専門的な知識を活かした職業向けの在留資格「技術・人文知識・国際業務」(通称:技人国)について、政府は、日本語を使う業務に就く場合は原則として日本語能力の証明を求める方針を固めました。
 これまでは学歴や職歴の要件を満たせば、日本語能力は必ずしも必要ではありませんでした。しかし、一方で技人国ビザで入国しながら、本来禁止されている単純労働に従事するケースが問題となっていました。
 単純労働への不正流用を防ぐために技人国ビザに日本語能力(N2)を要件として加える政府方針は、理解できますが、少し考えるとこの対応には疑問も残ります。

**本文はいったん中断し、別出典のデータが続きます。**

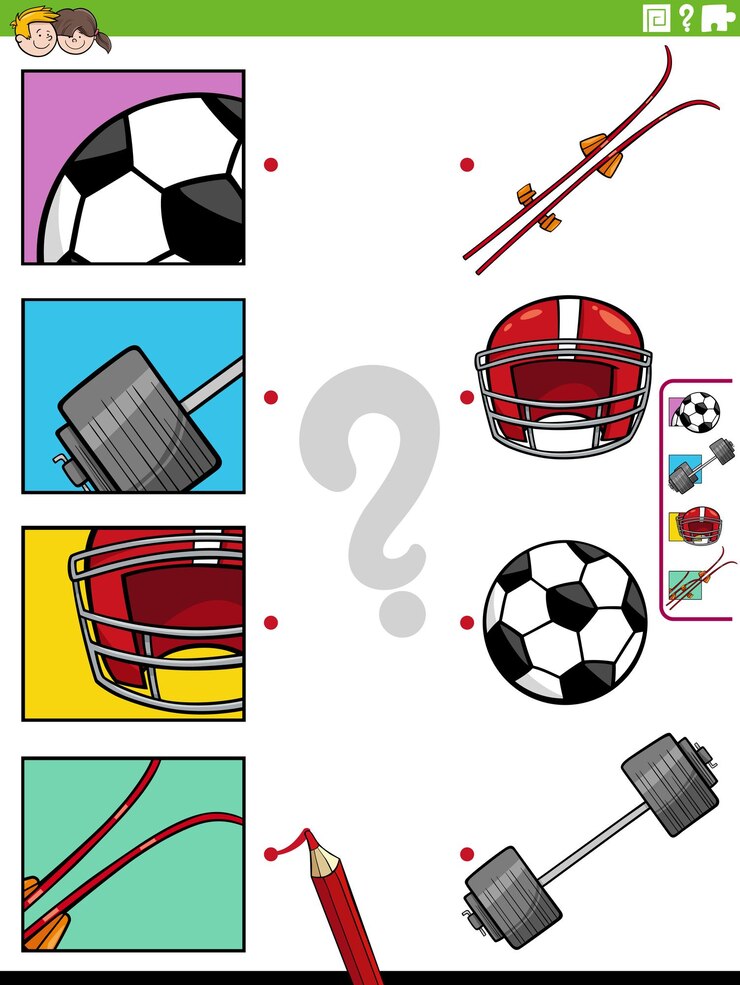 Vector ilustración de dibujos animados de actividad educativa de emparejamiento con objetos deportivos y sus recortes de imágenes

 そもそも「専門的知識を活かした仕事」と「日本語能力」は、必ずしも直結しないからです。エンジニアやデザイナー、研究者など、高度なスキルを持ちながらも日本語が得意でない外国人人材は多くいます。まして現代において翻訳ツールは非常に発達していて、必ずしもその人が高度な日本語を話せる必要はありません。
 そんな状況にありながら彼らを語学力のテストで排除することは、深刻な人手不足に直面する日本経済にとって自らの首を絞める行為ではないだでしょうか。労働者に単純労働をさせる不正流用を防ぐために、本当の高度人材を排除することになっては本末転倒で大きな損失です。

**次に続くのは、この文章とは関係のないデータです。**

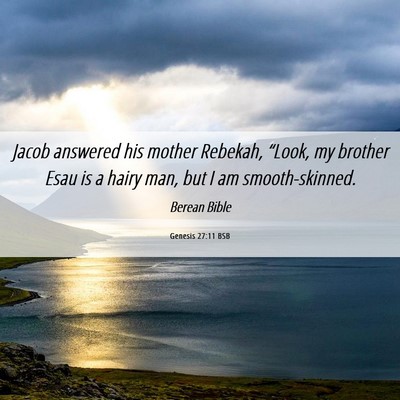 Picture 06 - Genesis 27:11 BSB - Jacob answered his mother Rebekah, “Look, my - Bible Verse Picture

 問題の本質は日本語力の有無ではなく、受け入れ企業の管理体制にあるのではないでしょうか。不正が起きているなら、そちらを直接取り締まるべきで、テストの成績による語学要件という「入口」を狭めるだけでは、優秀な人材を遠ざけることにもなりかねません。

 グローバル競争の時代、日本が選ばれる国であり続けるためには、開かれた姿勢こそが求められるのではないでしょうか。